Art. 6.Bij de uitdiensttreding bezorgt de werkgever een verklaring van het aantal opgenomen dagen "vrijstelling van arbeidsprestaties" van het lopende jaar aan de werknemer.
Indien de werknemer in een andere beschutte werkplaats in dienst treedt, zal het resterende aantal dagen, vermeld op voornoemde verklaring, bij deze werkgever kunnen worden opgenomen. HOOFDSTUK III. - Inwerkingtreding
Art. 7.Deze collectieve arbeidsovereenkomst treedt in werking op 1 januari 2007 op voorwaarde dat de overheid de voorziene budgettaire middelen om uitvoering te geven aan deze collectieve arbeidsovereenkomst ter beschikking stelt.

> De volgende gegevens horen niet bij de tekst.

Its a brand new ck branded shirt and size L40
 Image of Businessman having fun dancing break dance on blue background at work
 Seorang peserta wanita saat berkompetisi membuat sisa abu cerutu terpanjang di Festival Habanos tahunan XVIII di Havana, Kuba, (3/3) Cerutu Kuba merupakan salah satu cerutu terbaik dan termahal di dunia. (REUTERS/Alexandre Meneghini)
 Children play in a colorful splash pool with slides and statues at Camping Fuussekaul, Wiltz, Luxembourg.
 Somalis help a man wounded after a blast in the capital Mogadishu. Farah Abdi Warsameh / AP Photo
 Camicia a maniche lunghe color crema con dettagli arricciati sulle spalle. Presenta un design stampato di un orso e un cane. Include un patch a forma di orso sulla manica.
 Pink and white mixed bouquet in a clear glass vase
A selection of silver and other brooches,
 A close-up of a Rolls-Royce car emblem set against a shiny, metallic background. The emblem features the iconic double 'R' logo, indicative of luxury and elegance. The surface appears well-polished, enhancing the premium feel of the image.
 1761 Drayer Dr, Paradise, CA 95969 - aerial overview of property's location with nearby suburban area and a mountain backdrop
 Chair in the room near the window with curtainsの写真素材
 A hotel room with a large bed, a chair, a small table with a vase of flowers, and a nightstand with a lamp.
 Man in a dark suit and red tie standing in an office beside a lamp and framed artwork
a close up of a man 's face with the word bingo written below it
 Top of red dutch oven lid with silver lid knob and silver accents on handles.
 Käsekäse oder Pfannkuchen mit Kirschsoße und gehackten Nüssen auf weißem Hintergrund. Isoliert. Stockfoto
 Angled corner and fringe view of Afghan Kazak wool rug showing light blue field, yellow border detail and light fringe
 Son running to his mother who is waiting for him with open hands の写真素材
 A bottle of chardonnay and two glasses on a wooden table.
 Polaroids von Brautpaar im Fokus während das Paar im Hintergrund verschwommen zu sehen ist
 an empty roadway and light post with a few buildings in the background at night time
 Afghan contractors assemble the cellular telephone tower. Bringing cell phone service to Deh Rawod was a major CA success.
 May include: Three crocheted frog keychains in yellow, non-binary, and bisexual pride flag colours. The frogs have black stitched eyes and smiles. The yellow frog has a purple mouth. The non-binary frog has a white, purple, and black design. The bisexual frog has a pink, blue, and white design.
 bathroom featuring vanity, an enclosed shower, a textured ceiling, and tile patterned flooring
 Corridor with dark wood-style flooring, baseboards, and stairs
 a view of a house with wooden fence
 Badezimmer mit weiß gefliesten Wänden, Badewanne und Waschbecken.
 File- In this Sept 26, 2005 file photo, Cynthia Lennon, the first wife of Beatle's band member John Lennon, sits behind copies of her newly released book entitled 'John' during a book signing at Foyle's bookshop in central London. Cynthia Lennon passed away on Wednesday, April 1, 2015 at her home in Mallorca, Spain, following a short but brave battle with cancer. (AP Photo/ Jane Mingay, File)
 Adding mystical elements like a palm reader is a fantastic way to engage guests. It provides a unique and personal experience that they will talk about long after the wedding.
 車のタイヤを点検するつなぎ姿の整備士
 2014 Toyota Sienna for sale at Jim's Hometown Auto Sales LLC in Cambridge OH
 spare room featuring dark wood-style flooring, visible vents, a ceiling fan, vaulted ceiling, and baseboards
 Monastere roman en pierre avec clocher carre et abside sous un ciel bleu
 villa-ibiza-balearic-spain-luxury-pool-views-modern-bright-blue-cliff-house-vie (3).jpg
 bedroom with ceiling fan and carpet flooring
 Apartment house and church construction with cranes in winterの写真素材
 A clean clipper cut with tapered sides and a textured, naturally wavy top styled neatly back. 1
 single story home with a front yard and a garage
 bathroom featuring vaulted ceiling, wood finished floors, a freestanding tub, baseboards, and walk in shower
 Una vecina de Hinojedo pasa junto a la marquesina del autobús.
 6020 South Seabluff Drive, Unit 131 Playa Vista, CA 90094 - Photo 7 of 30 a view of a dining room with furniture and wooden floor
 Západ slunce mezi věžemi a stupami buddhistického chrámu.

Zij is gesloten voor onbepaalde duur en kan worden opgezegd door elk van de partijen met betekening van een opzeggingstermijn van 6 maanden bij een ter post aangetekende brief gericht aan de voorzitter van het Paritair Subcomité voor de beschutte werkplaatsen gesubsidieerd door de Vlaamse Gemeenschap of door de Vlaamse Gemeenschapscommissie en de sociale werkplaatsen erkend en/of gesubsidieerd door de Vlaamse Gemeenschap.
Gezien om te worden gevoegd bij het koninklijk besluit van 24 september 2006.